# Trailer - bed Liner



## JRHOADES20 (Jul 10, 2010)

So has anyone used bed liner on their trailer instead of paint? I've seen on this forum some people mention the self spray bed liner for inside of their boats, but I was curious if anyone used on their trailer. If so does anyone have pictures of how it looks?


----------



## bassboy1 (Jul 12, 2010)

I believe Brine did on his Rhyan Craft. Take a look up in the boat mods section. The project is near the top or middle of the first page at the moment.


----------



## Brine (Jul 12, 2010)

Yep, I wouldn't hesitate to do it again. Ace Hardware had it for the least amount of money. $74.99 as I recall.


----------



## JRHOADES20 (Jul 12, 2010)

Brine said:


> Yep, I wouldn't hesitate to do it again. Ace Hardware had it for the least amount of money. $74.99 as I recall.




Any chipping or issues with it?? I think I like the black glossy look better, but I dont want to waiste my time and it just get chipped up and have to keep repainting it. Did you do the inside of your fender wells as well? Thanks for the info.


----------



## Brine (Jul 12, 2010)

I didn't stay glossy, and I haven't put enough miles on the trailer to tell you how it will hold up. I did every square inch of the trailer.
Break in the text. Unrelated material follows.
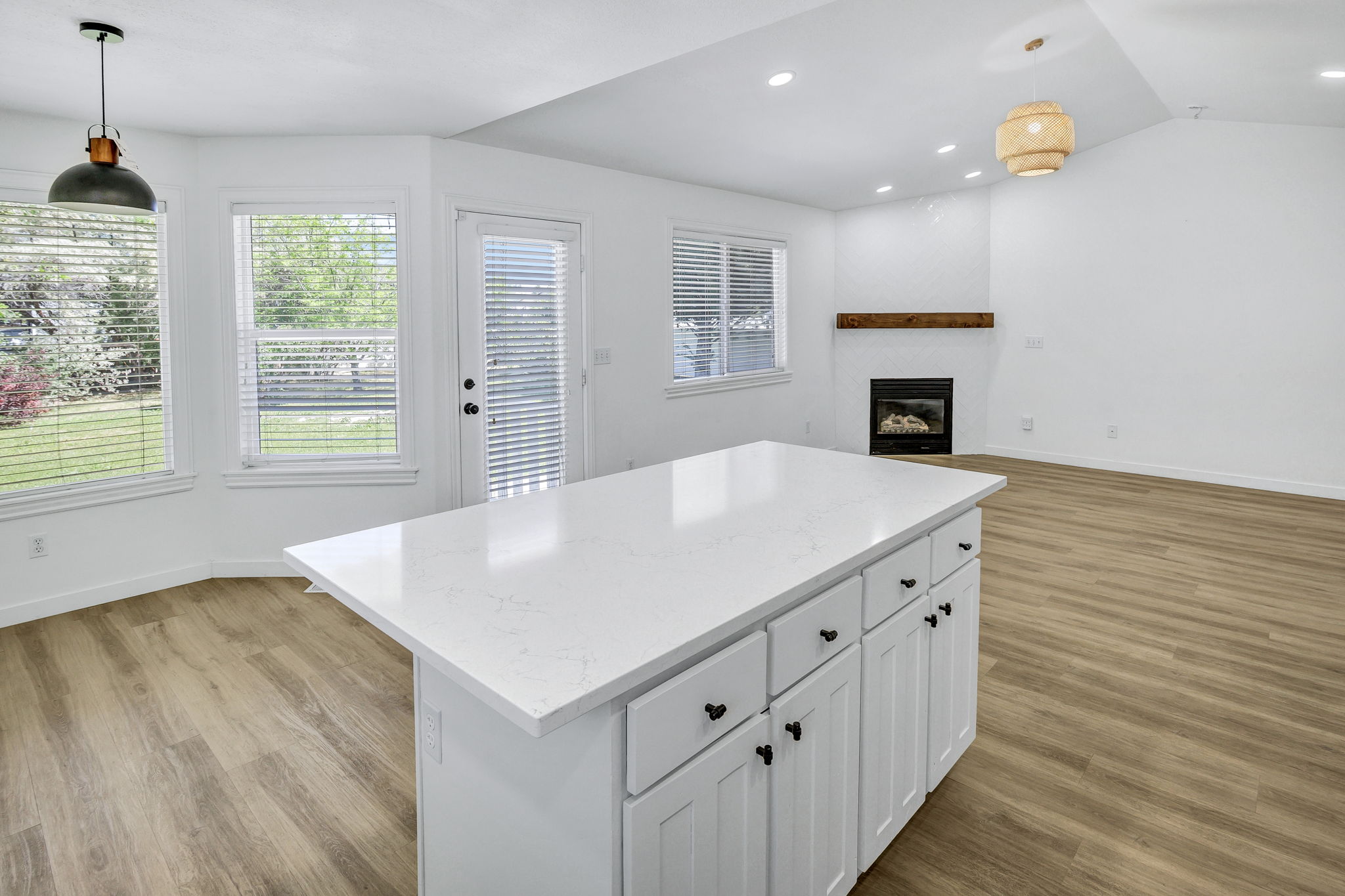 Kitchen island featuring a white countertop with integrated sink and white cabinetry with black hardware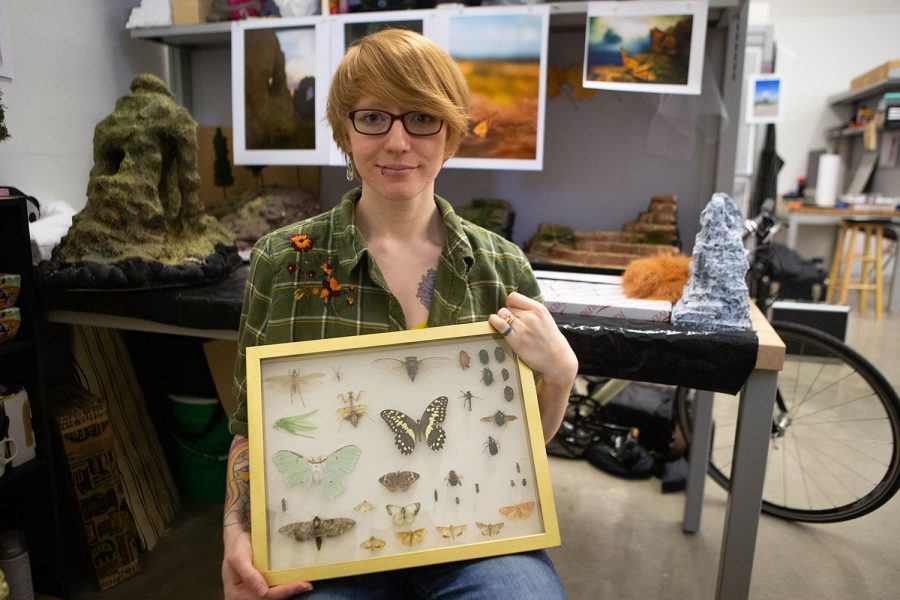Neva Nobles-Alder poses for a portrait with part of her collection of bugs on Tuesday, Nov. 5, 2019. She uses these bugs, which she acquires post mortem, along with other three-dimensional art to make photographs. Nobles-Alder is a graduate student at the University of Iowa studying photography and book arts.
I can't see how any paint would be more scratch resistant than Herculiner, but I'm no coatings expert either.


----------



## JRHOADES20 (Jul 12, 2010)

Brine said:


> I didn't stay glossy, and I haven't put enough miles on the trailer to tell you how it will hold up. I did every square inch of the trailer. I can't see how any paint would be more scratch resistant than Herculiner, but I'm no coatings expert either.



Thanks Brine, when I said glossy i was refering to Rustoleum or some other Semi Gloss paint. I know that Herculiner wont be glossy. I will have to think about it, I am sure it has to be better on durability than paint. Thanks for the feedback.


----------